Meribel Travel Guide
Meribel is in the centre of the Trois Vallées, which also incorporates the holiday resorts of Courchevel and Val Thorens. Together they form the largest ski area in the world. Unlike most French holiday ski resorts, Meribel has retained an atmosphere of the traditional skiing village, despite having grown enormously in recent years. Meribel-Mottaret is situated two miles (4km) up the valley and is better suited for the skiing, but not the nightlife. The resort was founded by the English early in the last century and is still very popular with British holidaymakers.
The Trois Vallées ski area is one of the best and most extensive in the world (10 times larger than Vail, the largest ski resort in the States), and Meribel is in the middle between Courchevel and Val Thorens. Meribel has a vast choice for beginner and intermediate skiers, but those with more experience will want to test out the slopes in Courchevel and Val Thorens. Snowboarders will find lots of challenging slopes and couloirs and when the snow is good there is some great off-piste.

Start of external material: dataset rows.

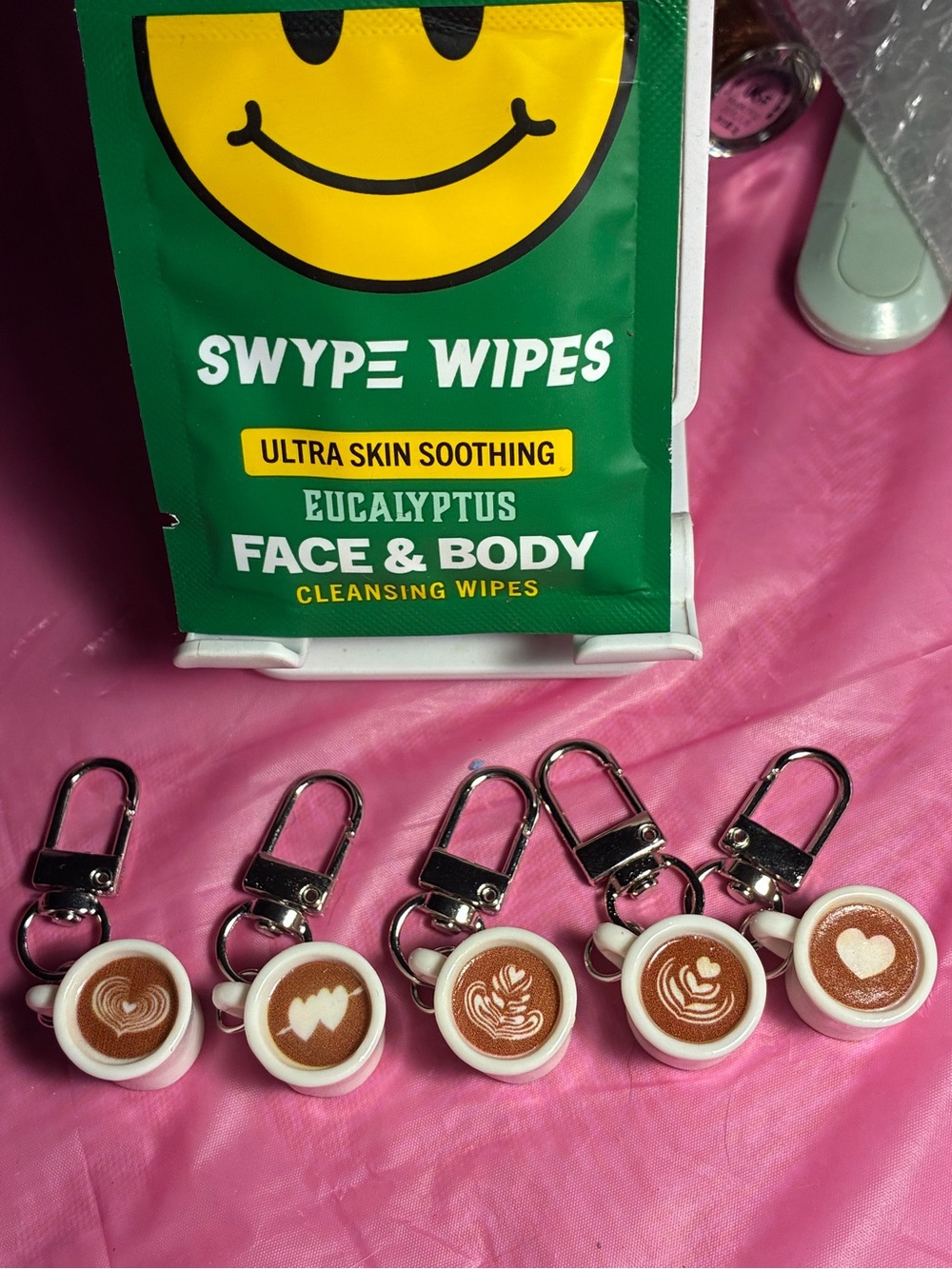 Coffee cup bag charms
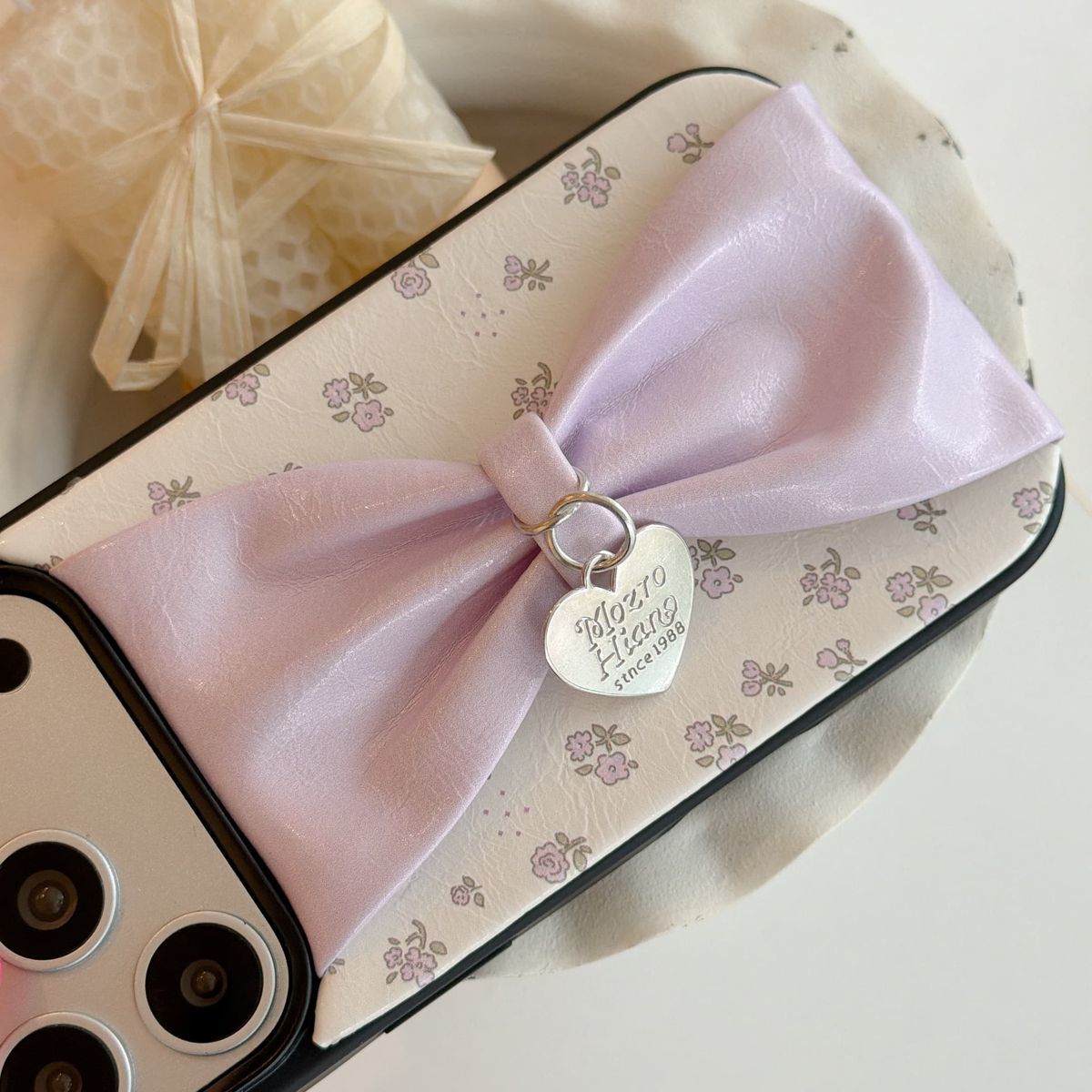 Cute 3D Bow iPhone Case with Heart Charm – Soft Protective Designer Cover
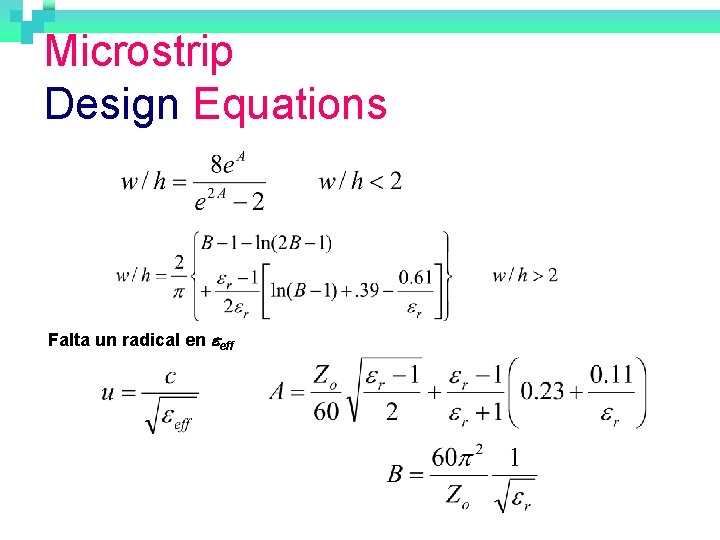 Microstrip Design Equations Falta un radical en eeff 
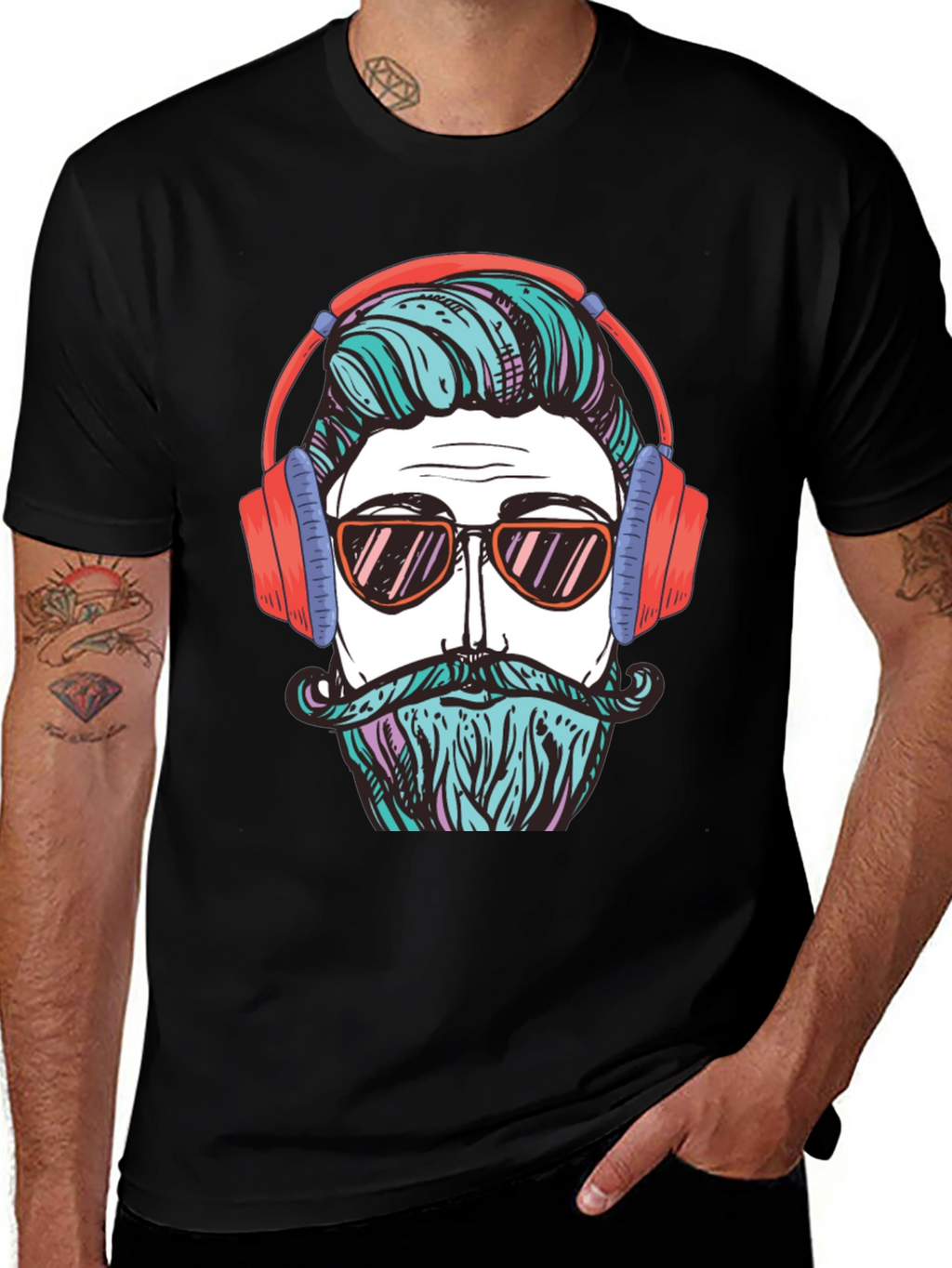 Cool Hipster Graphic Tee - Black T-Shirt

Meribel is stuffed with lots of good-value ski shops for holidaymakers to enjoy browsing through. Those with more expensive taste can ski over to Courchevel 1850. There are plenty of mini-supermarkets for self-caterers as well as a fine selection of bakeries and delicatessens.
There are some seriously good restaurants for holidaymakers to enjoy in Meribel; get local advice on arrival and book early for the best. There's more choice for those happy with a fondue and nice bottle of red (including popular option Le Cro Magnon), but it is still worth booking. If you tire of fondue and French cuisine, the eclectic menu at Evolution has a bit more variety.

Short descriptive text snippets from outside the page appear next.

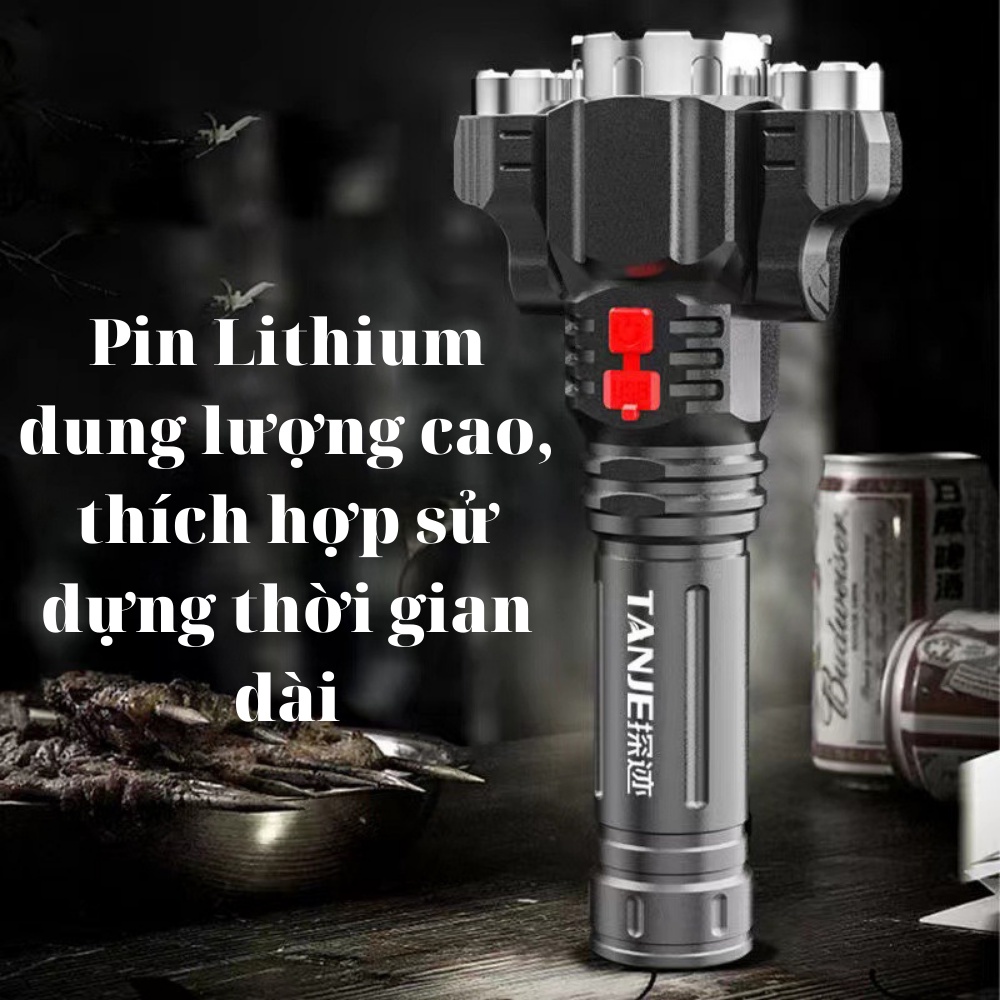 Đèn Pin Cầm Tay Siêu Sáng 3 Bóng Kèm Pin và Sạc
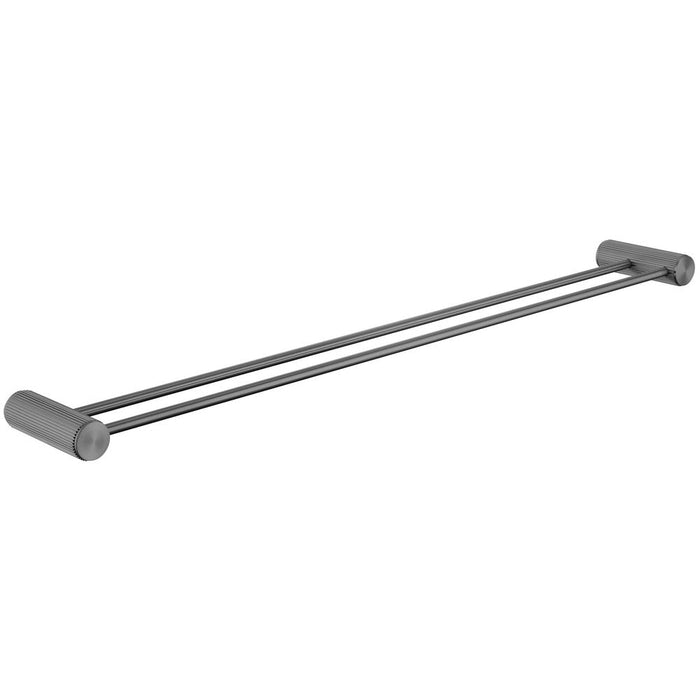 Mica Fluted Gun Metal Double Towel Rail - 800mm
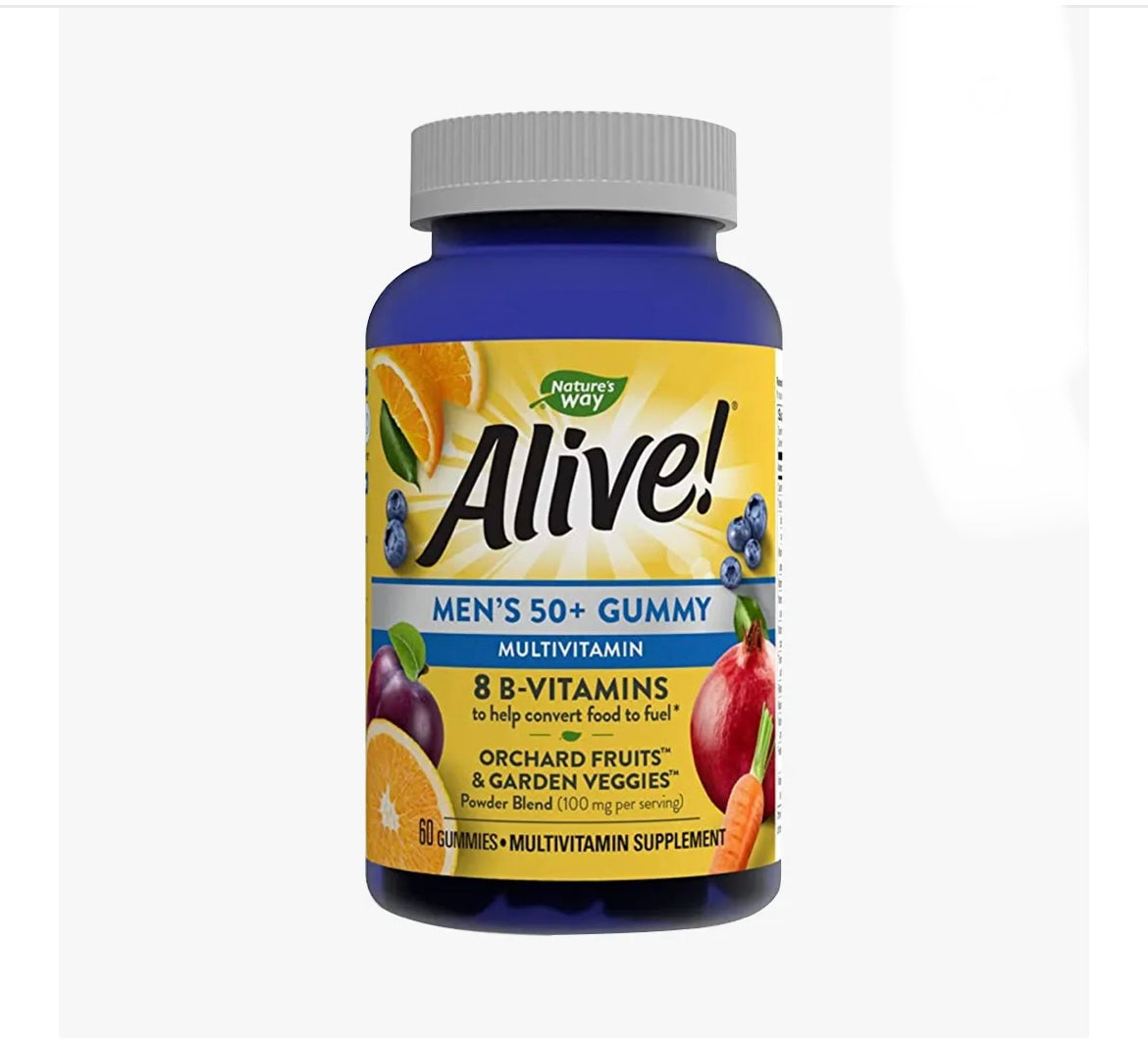 Natures Way Alive! Mens 50+ Gummy Multivitamin and B-Vitamins, Fruit Flavored, 60 Gummies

The nightlife in Meribel is not as wild as in some holiday ski resorts, but there's still plenty going on. Dick's Tea Bar is the best-known nightclub and the queues can be long. Meribel-Mottaret has few choices and closes up earlier.

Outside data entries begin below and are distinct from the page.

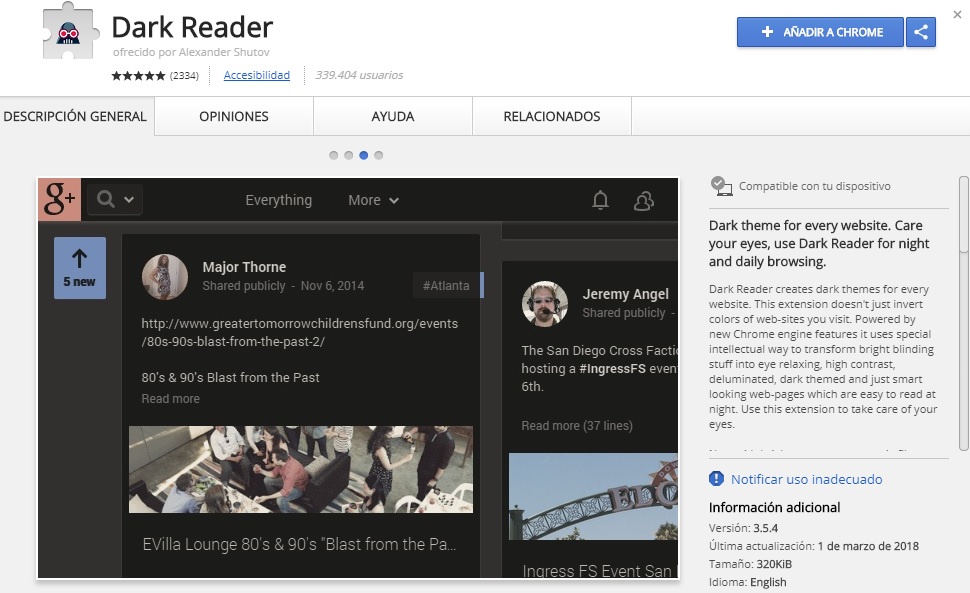 Dark Reader Chrome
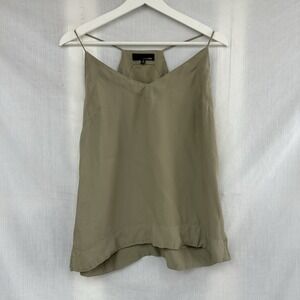 Lost april Womens Small Linen Khaki Green Olive Tank Top Cami Spaghetti Strap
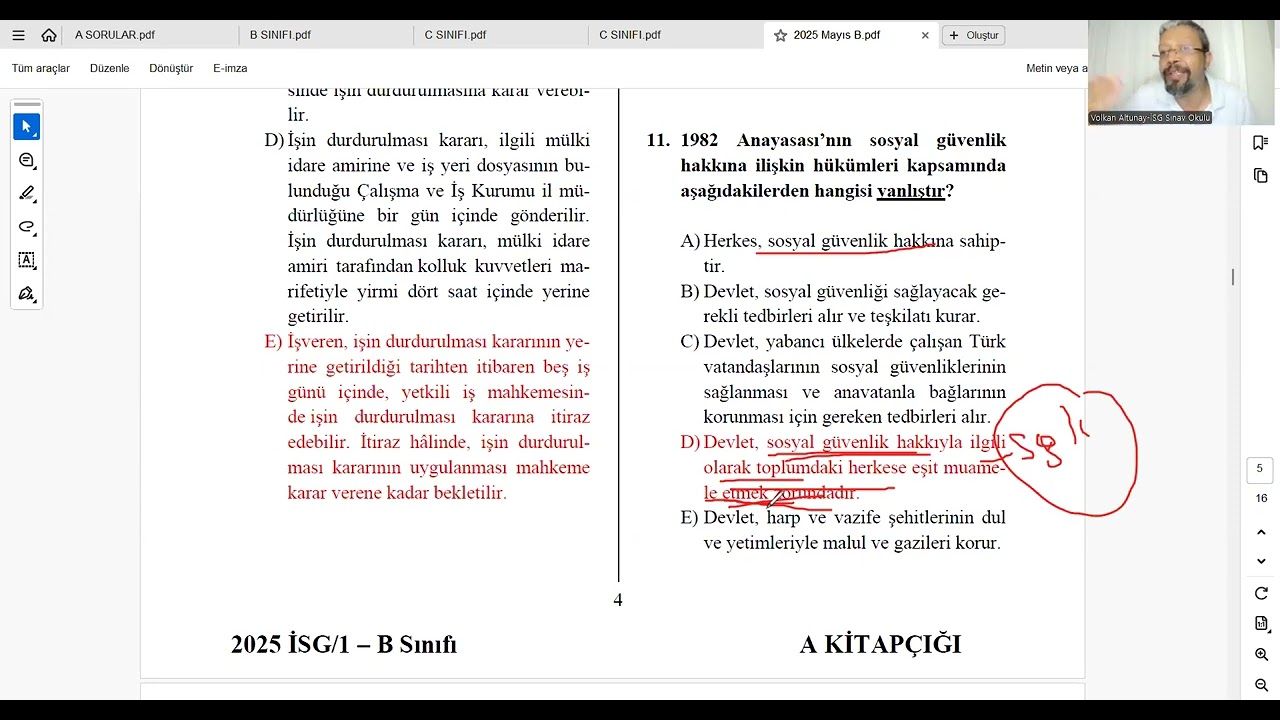 Mayıs 2025 İSG ABC Sınıfı Soruları Çözüm ve Analizleri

Paragliding can be organised and is a great option for holidaymakers wanting to get down to Meribel when the snow's not so good. For whiteout days there's a cinema, bowling, ice-skating, a gym and a swimming pool. Some of the smarter hotels offer spa treatments.
Meribel is quite spread out and much of the accommodation is far from the slopes. The resort is quite low and it is often not possible to ski to the main village.